Humphrey owned sawmills and woollen mills and was also director for several companies in Moncton.

His business operations were very profitable. By the 1890s, he was one of the richest men in Canada. He was among the largest stockholders in the Moncton Gas and Water Company, the Moncton Sugar Refining Company, and the Moncton Cotton Manufacturing Company, having been a director in all three companies.

== Public service ==
Humphrey sat four terms as a Member of the Legislative Assembly of New Brunswick representing Westmorland County. He was first elected on the free schools issue in 1872 and served until 1878. He was re-elected in 1882 and 1886 before declining nomination in 1890.

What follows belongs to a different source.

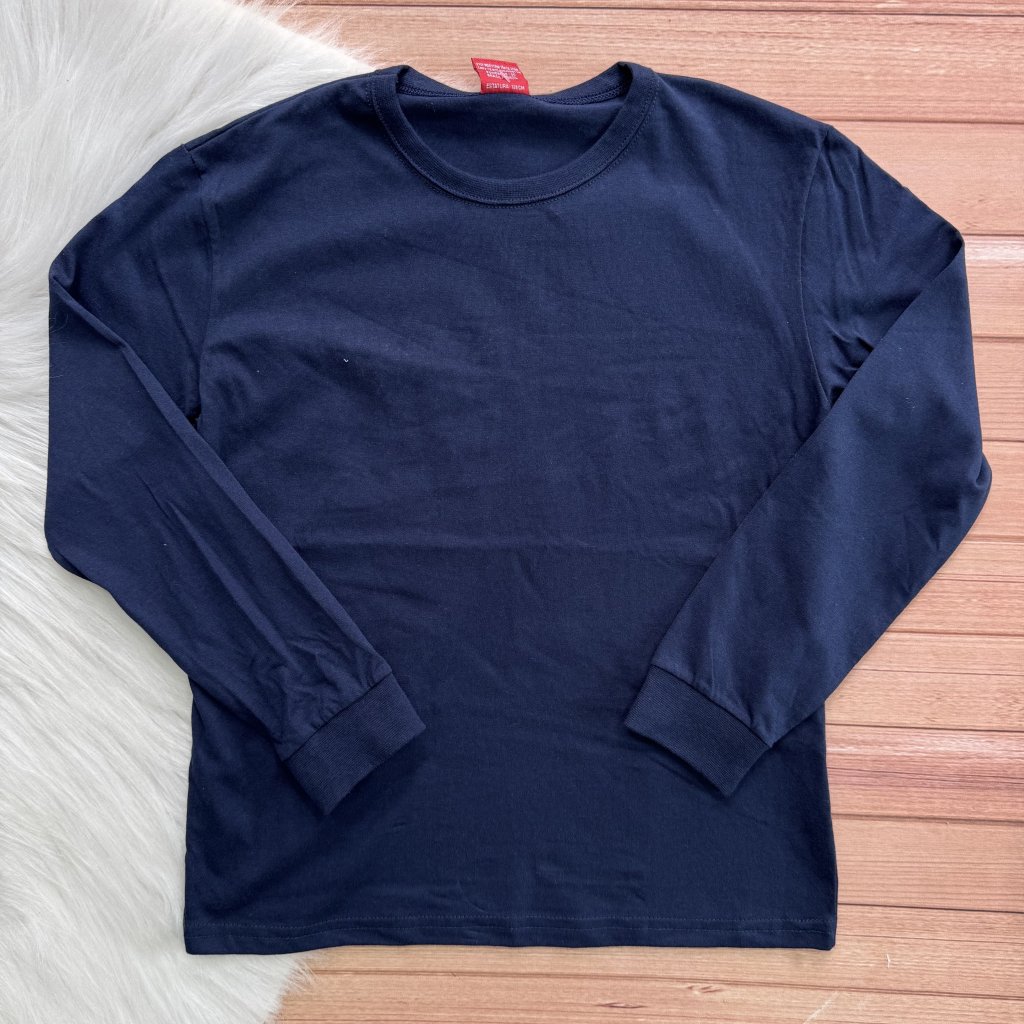 Camiseta Kyly 8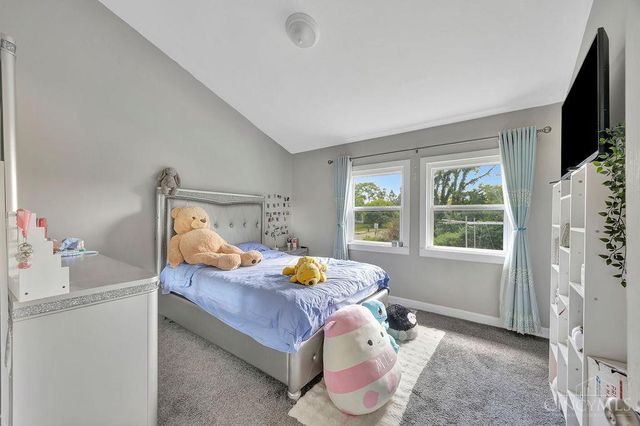 6200 Hester Road, Oxford, OH 45056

During his tenure as MPP, some key events occurred:
- 1871 : The Common Schools Act, establishing free public schooling in New Brunswick, establishing standards for teacher certification and limiting the influence of religion in education
- A partial extension of the voting franchise to widows and unmarried women who owned property
- 1890: The incorporation of Moncton as a city.
- 1892: The abolition of the Legislative Council, New Brunswick's upper house of government.

== Marriage and family ==
Humphrey married Sarah Jane Harris, daughter of John L. Harris who was one of the leading merchants and shipbuilders in the area. They had the following known children:
- Sarah (Humphrey) Lockhart m. L.D. Lockhart
- Jane Humphrey
- Mary Humphrey
- William F. Humphrey

== Illness, death and burial ==
Humphrey was in failing health for a number of years prior to his death. In 1891, he went to England where he consulted a specialist but obtained no relief. He was able to fulfil his business duties until the last few weeks of his life. He died on November 3, 1895, at the age of 72 and was interred at the Elmwood Cemetery.

== Legacy ==
John Humphrey was described as a man of "splendid physique, with a mind of more than ordinary grasp, with an ingrained honesty and a purpose that never varied… a model man in almost every relationship of life."

A small settlement known as Humphreys Mills, now a neighbourhood of Moncton, grew up around his mills on Humphreys Brook, a tributary of the Petitcodiac River.

As of 1996, the John A. Humphrey Residence located on Mill Road is now a historic property.